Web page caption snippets
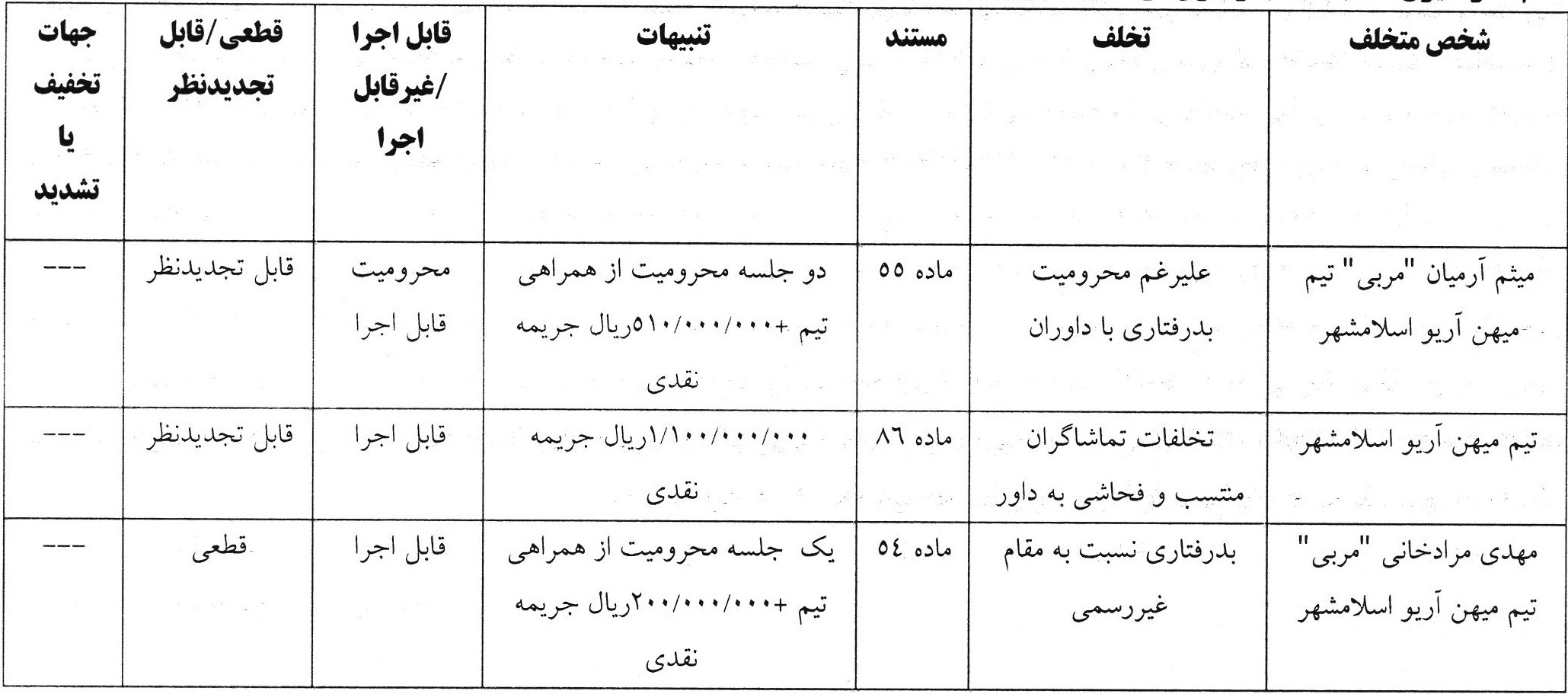 صدور دو رای انضباطی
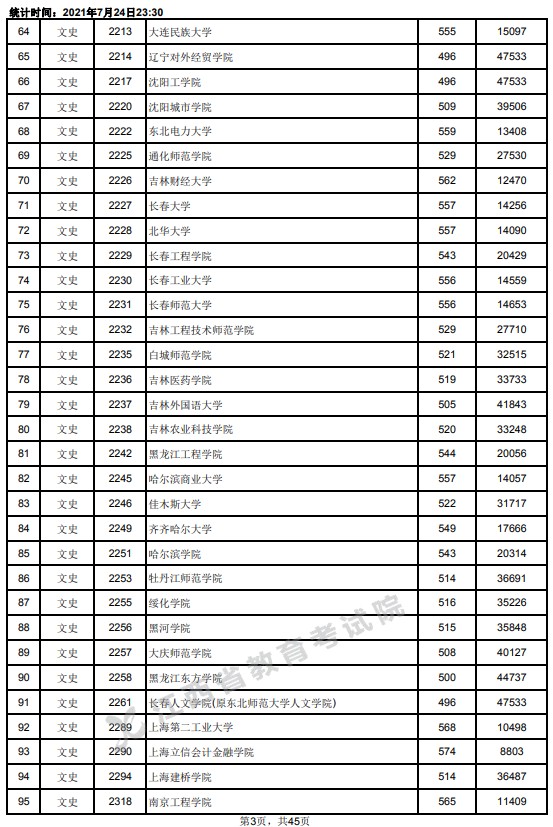 2021江西高考本科二批文史類投檔分數(shù)線3.jpg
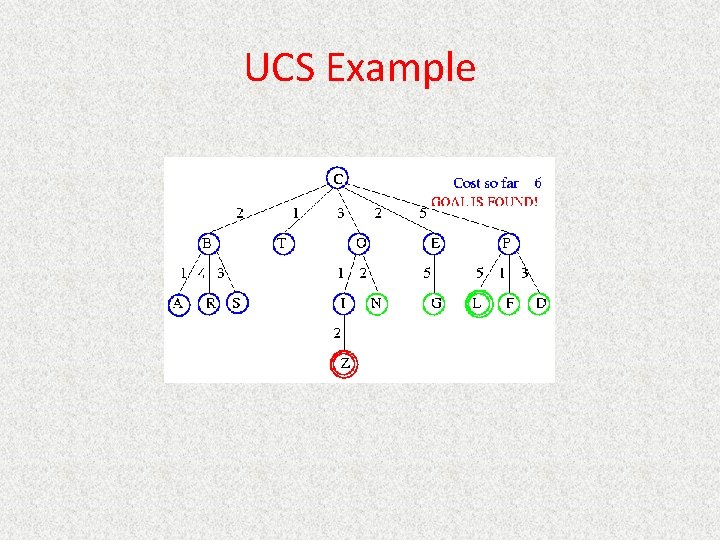 UCS Example 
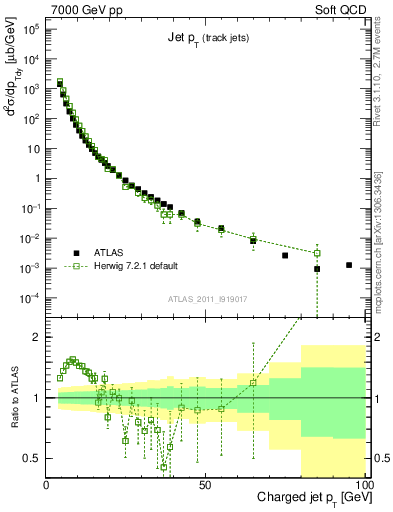 Plot of j.pt in 7000 GeV pp collisions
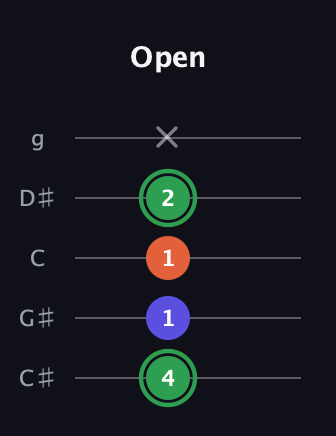 F Augmented guitar tab — Open (4 1 1 2 x) in C / Drop C (gCGBD) · Capo 1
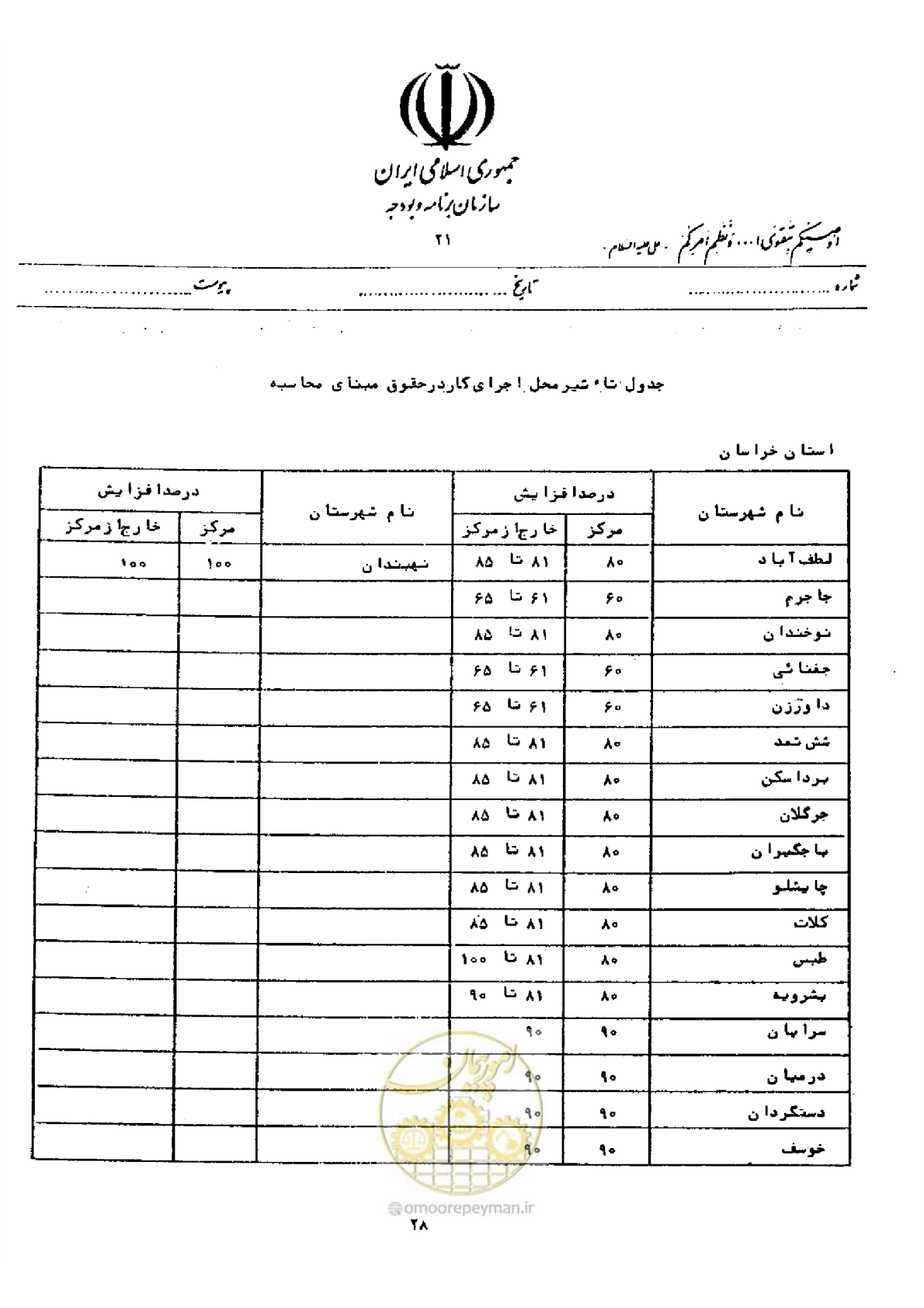 صفحه 22 از 40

§ Work instruction:
If a line falls between the one containing "Plot of j.pt in 7000 GeV pp collisions" and the last line of the entries above, both included, reproduce it exactly; leave the pictures out.

§ Answer box:
 Plot of j.pt in 7000 GeV pp collisions
 F Augmented guitar tab — Open (4 1 1 2 x) in C / Drop C (gCGBD) · Capo 1
 صفحه 22 از 40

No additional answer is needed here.